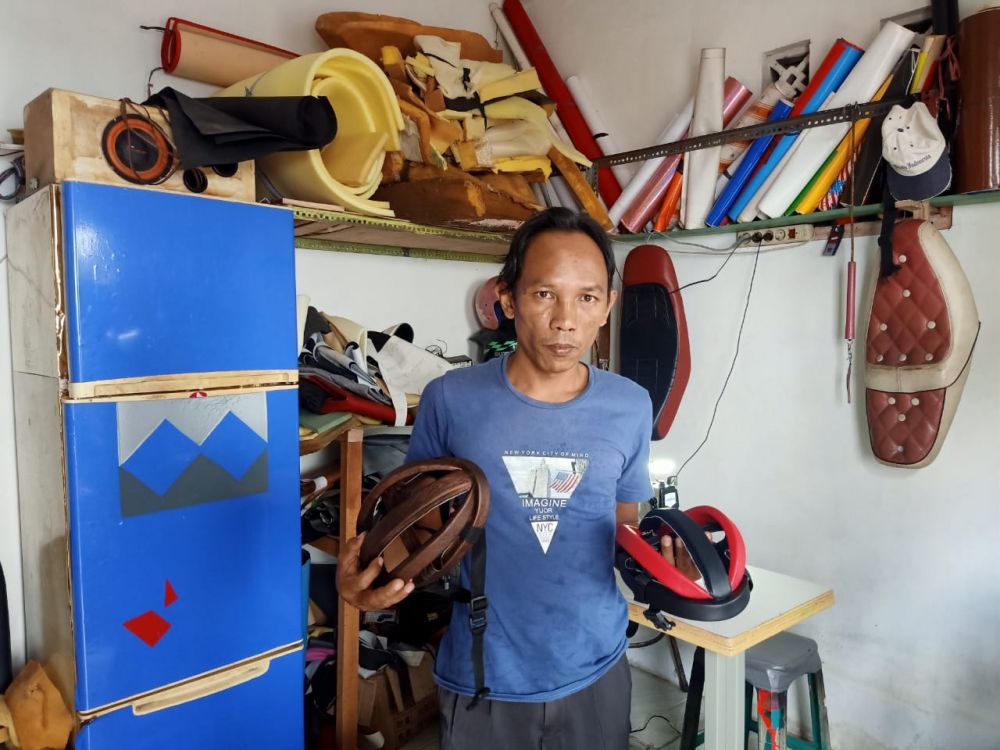 Untung di kala pandemi ala Joni, dari bikin jok kini jual helm sepeda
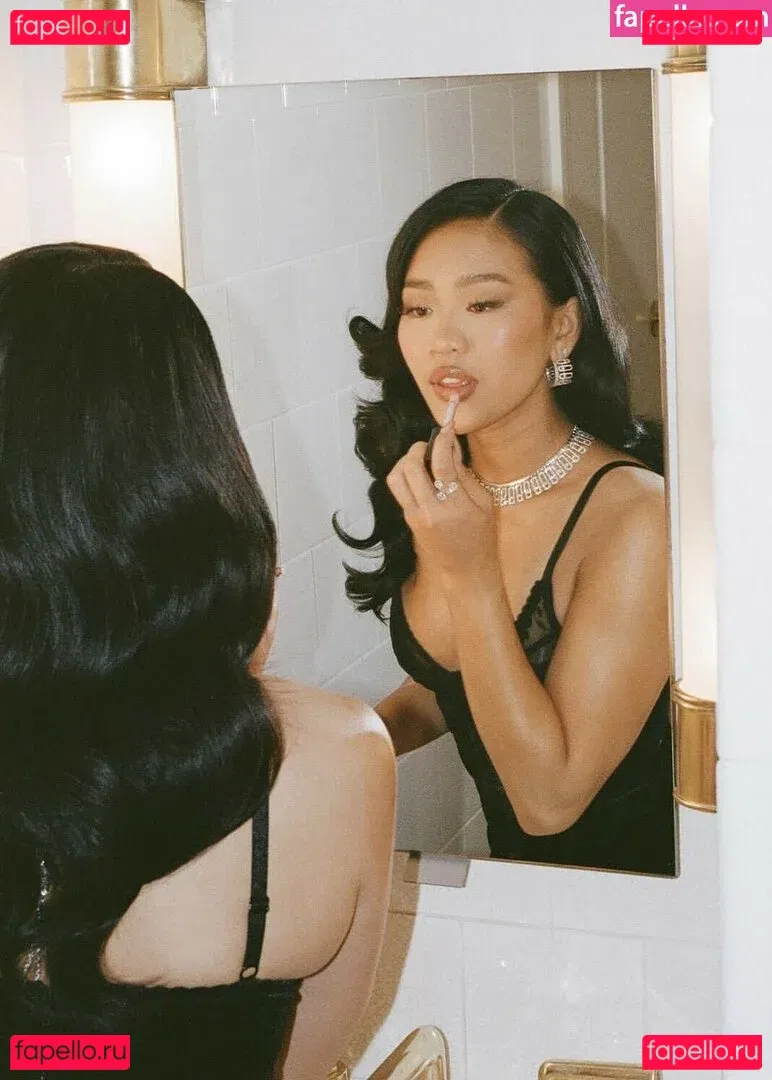 Suni Lee Onlyfans Photo Gallery 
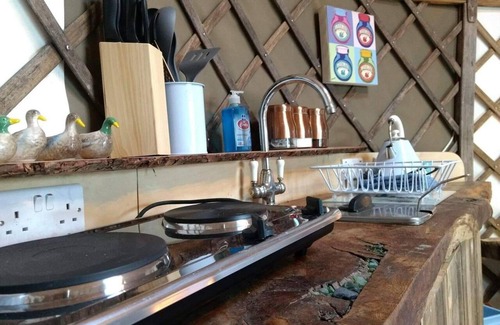 Ryde Cabin | Bembridge Harbour Yurt - Log Burner - Wifi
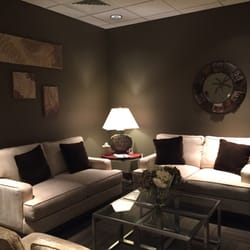 Nails By Farah - Waiting area for the nail spa.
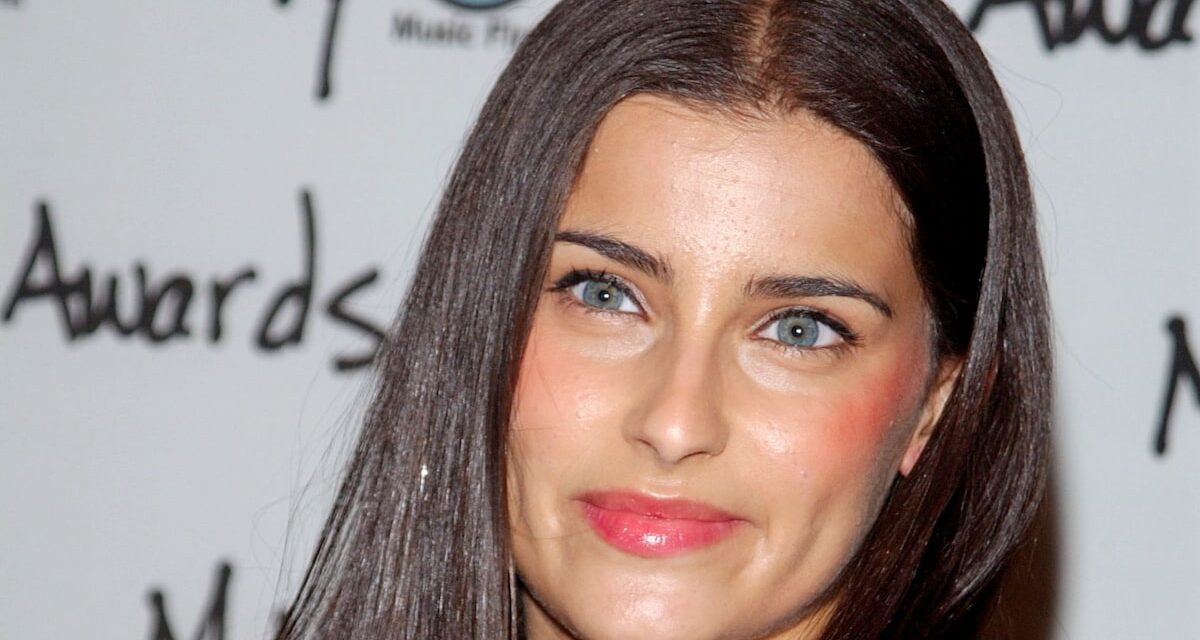 Nelly Furtado Wows fans dans une mini jupe audacieuse et coupé le dessus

Task objective: Make an exact copy of the records above, one that has none of the pictures.

Worked solution:
 Untung di kala pandemi ala Joni, dari bikin jok kini jual helm sepeda
 Suni Lee Onlyfans Photo Gallery 
 Ryde Cabin | Bembridge Harbour Yurt - Log Burner - Wifi
 Nails By Farah - Waiting area for the nail spa.
 Nelly Furtado Wows fans dans une mini jupe audacieuse et coupé le dessus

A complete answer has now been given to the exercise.